* ACTION ITEM: Extract, exactly as written, the line that contains "رونمایی از مجله" and all lines after it through the end of the records. Omit pictures.

Records from a data source
===============
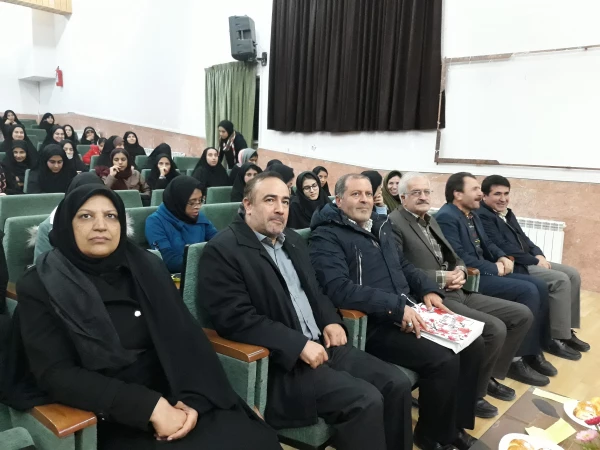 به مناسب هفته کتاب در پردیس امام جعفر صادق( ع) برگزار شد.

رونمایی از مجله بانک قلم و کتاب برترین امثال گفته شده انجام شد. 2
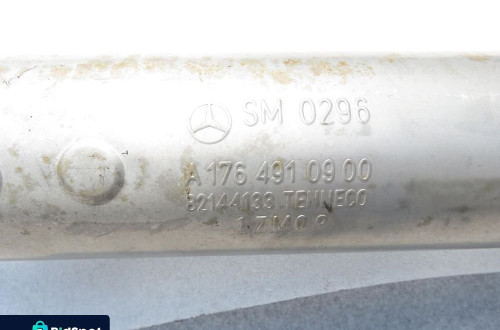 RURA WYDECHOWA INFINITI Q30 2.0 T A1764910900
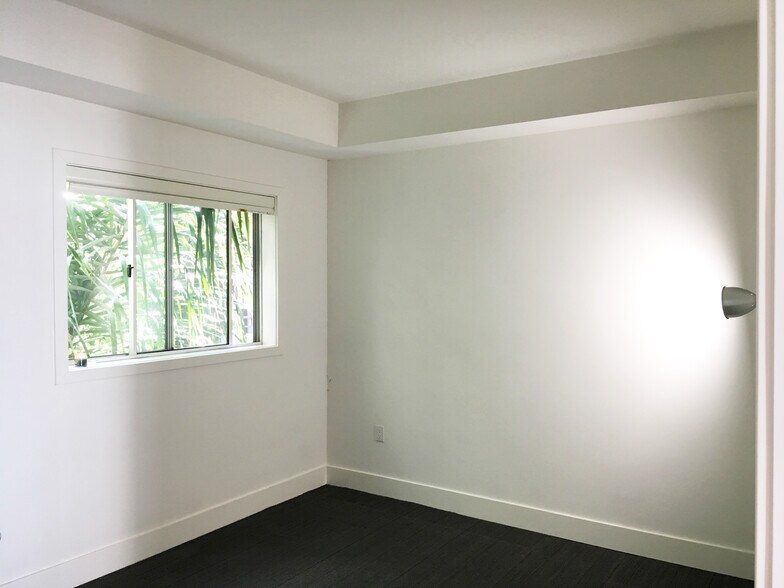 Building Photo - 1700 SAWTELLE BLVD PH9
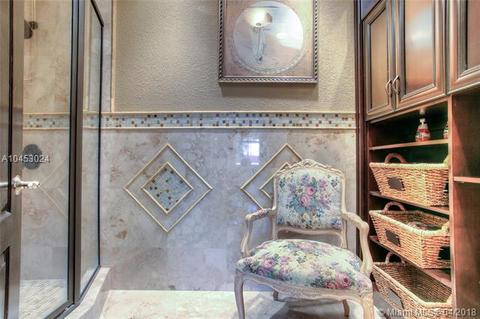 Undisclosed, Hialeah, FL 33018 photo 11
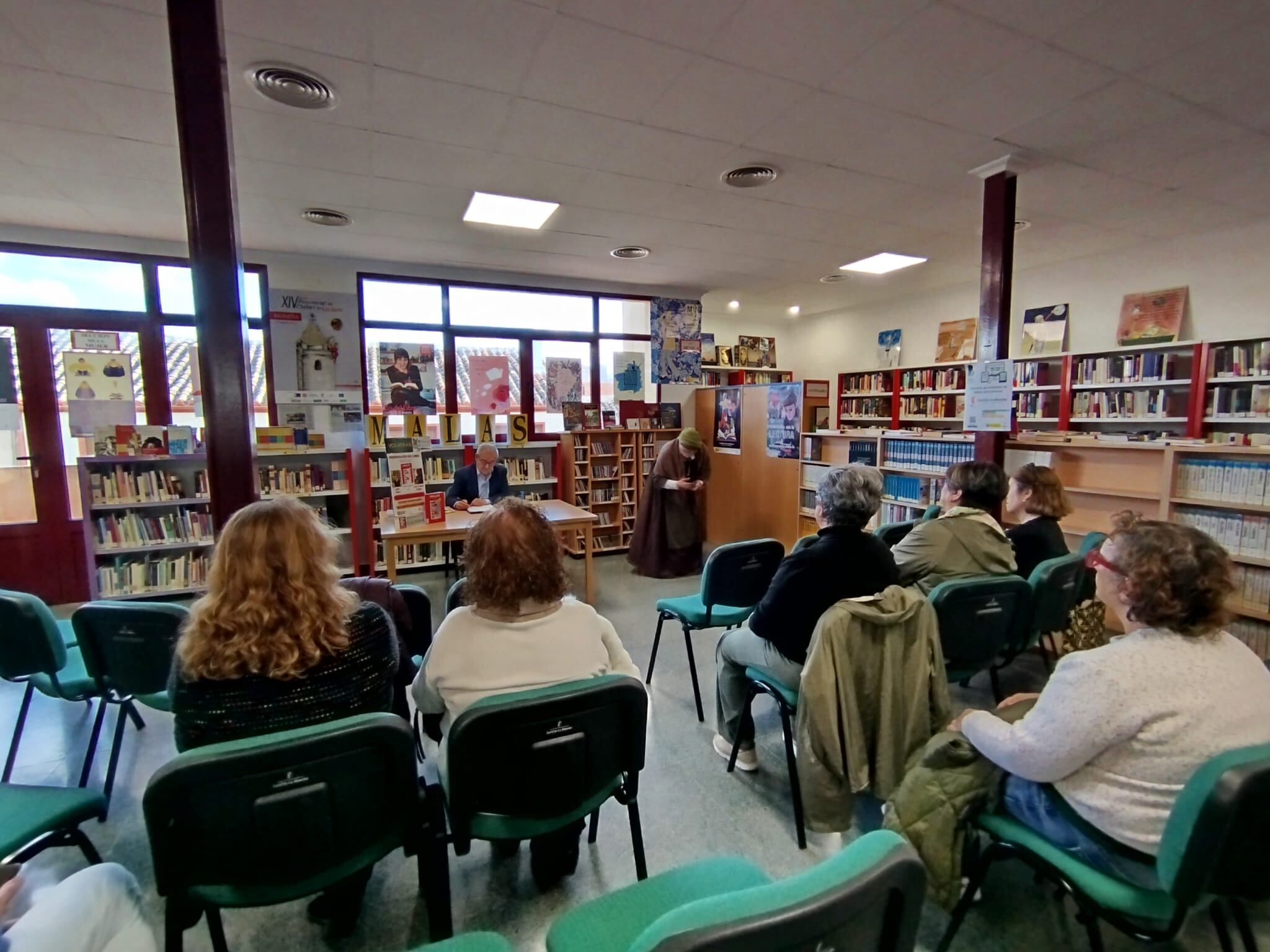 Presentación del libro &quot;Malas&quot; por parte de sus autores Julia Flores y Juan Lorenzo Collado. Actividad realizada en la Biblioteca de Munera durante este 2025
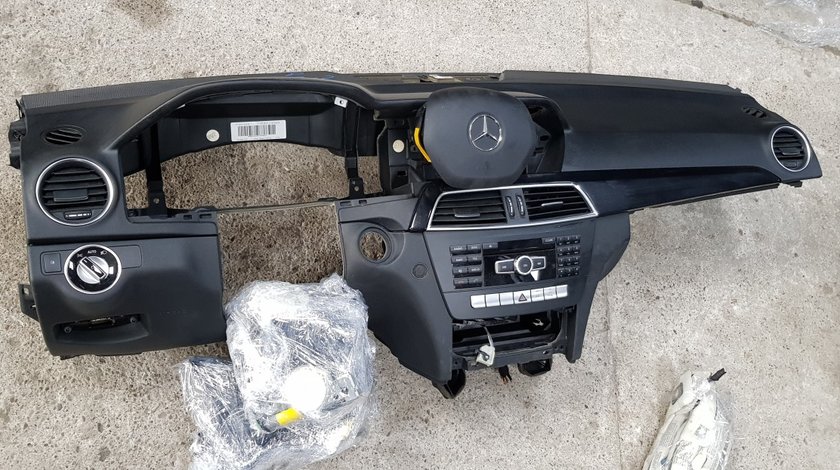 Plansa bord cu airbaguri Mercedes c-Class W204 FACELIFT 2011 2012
===============
* FINAL ANSWER:
رونمایی از مجله بانک قلم و کتاب برترین امثال گفته شده انجام شد. 2
 RURA WYDECHOWA INFINITI Q30 2.0 T A1764910900
 Building Photo - 1700 SAWTELLE BLVD PH9
 Undisclosed, Hialeah, FL 33018 photo 11
 Presentación del libro &quot;Malas&quot; por parte de sus autores Julia Flores y Juan Lorenzo Collado. Actividad realizada en la Biblioteca de Munera durante este 2025
 Plansa bord cu airbaguri Mercedes c-Class W204 FACELIFT 2011 2012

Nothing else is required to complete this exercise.